As part of its strategy on youth employment, FAO engages with governments, private sector and civil society partners at all levels to ensure a unified and coherent approach to creating decent employment opportunities for rural youth.

FAO’s Country-level Activities

In order to ensure that increased awareness translates into tangible results on the ground, FAO assists governments in formulating and implementing policies, strategies, programmes and projects to effectively support rural youth. For instance, the second phase of the Integrated Country Approach programme started last year in Senegal, Uganda and Guatemala, with the aim of enhancing the youth employment content of national strategies and polices for agricultural and rural development.

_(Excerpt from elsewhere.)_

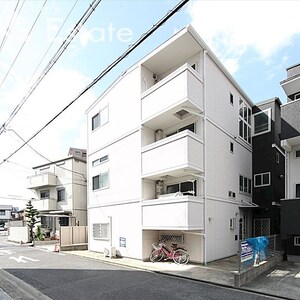 White Hills West外観写真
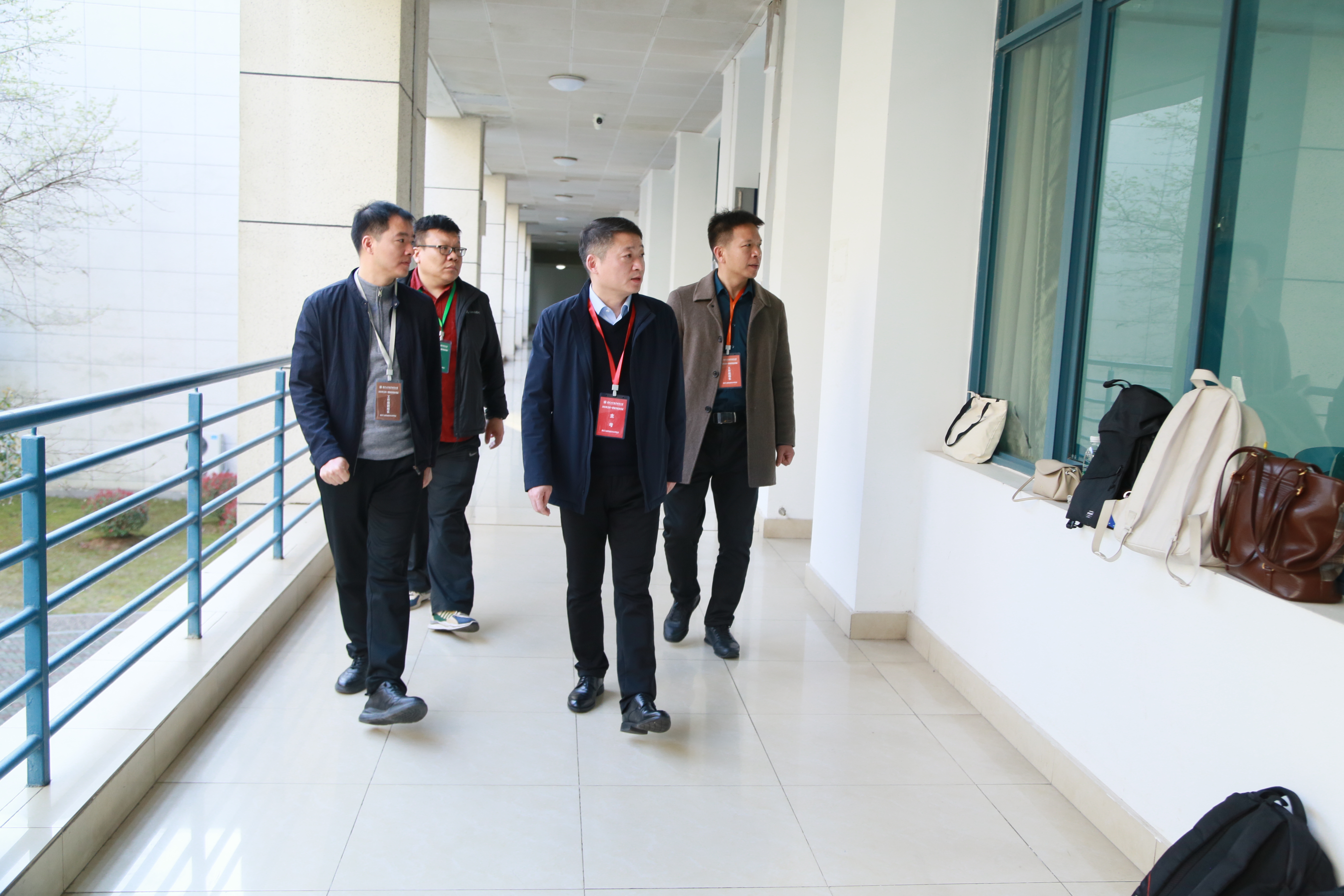 1.高宏彦到考试现场巡视.jpg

An important part of FAO’s policy assistance to the governments is represented by the identification of policy gaps and the formulation of policy recommendations. This was exactly the objective of the "Youth - Feeding the future" online consultations, launched in May 2016, focusing on the challenges that young women and men face in preparing for and accessing decent work in rural areas, including in agriculture. In particular, the discussion focused on the 15 to 17 age group, which so far has not been targeted enough by programmes and policies, falling through the cracks of both child and youth initiatives.

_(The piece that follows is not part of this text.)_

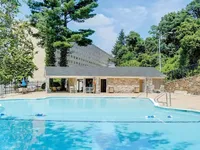 The Falls at Roland Park Apartment Homes in Baltimore for Rent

FAO also develops tailor-made educational programmes (such as the Junior Farmer Field and Life Schools approach) to provide young farmers with the skills and insights needed to engage in farming and adopt environmentally friendly production methods. Empowering youths by facilitating their access to land, markets, and credit helps them become entrepreneurs, improving their self-esteem and the feeling that they can make a living in rural areas, as proven also by the YEAP programme implemented in Nigeria.

FAO’s Regional-level Activities

A good example of FAO activities conducted at regional-level is provided by the FAO/FIDA-Youth Caribe programme, launched in 2015 by FAO and IFAD to tackle the growing level of youth unemployment in the Caribbean. The programme is built on the effective collaboration between the two UN agencies in the region and is implemented in coordination with a number of regional governments and key stakeholders.

Better job prospects for the youth in rural areas would also contribute to reducing distressed migration to urban areas, where labour markets are often already saturated. For this reason, last year FAO launched the Rural Youth Mobility (RYM) project in Ethiopia and Tunisia. These two countries share youthful demographic profiles and similar challenges in ensuring employment opportunities for rural youth. Through the RYM project, FAO is working to promote innovative mechanisms to mitigate distress migration among rural youth, by generating productive employment and entrepreneurial opportunities in agriculture. In the framework of the project, FAO is organizing rounds of consultations at national and regional-level on youth employment and seasonal migration. The outcomes will also contribute to FAO’s normative work and generate evidence and lessons learned that will inform the global debate on migration and the dialogue between the European Union and African countries.

FAO’s Engagement at the Global Level

FAO also furthers rural youth needs at global level. For instance, the Organization is actively involved in the United Nations Inter-Agency Network on Youth Development (IANYD), which was established to increase the effectiveness of UN work in youth development.

FAO is also part of the kick-off team of the Global Initiative on Decent Jobs for Youth (DJ4Y), launched in February 2016 under the auspices of the ECOSOC Youth Forum 2016. Led by the ILO, the Initiative is the first ever UN system-wide effort to scale up action in support of youth employment, involving in its development 19 entities of the United Nations, among which: FAO, UNIDO, UNICEF, UNESCO, UNDESA, World Bank, as well as the Secretary-General's Envoy on Youth. FAO has fully endorsed the Initiative, considering it an example of how support for youth employment and poverty reduction could be pushed to scale in a coordinated and coherent manner.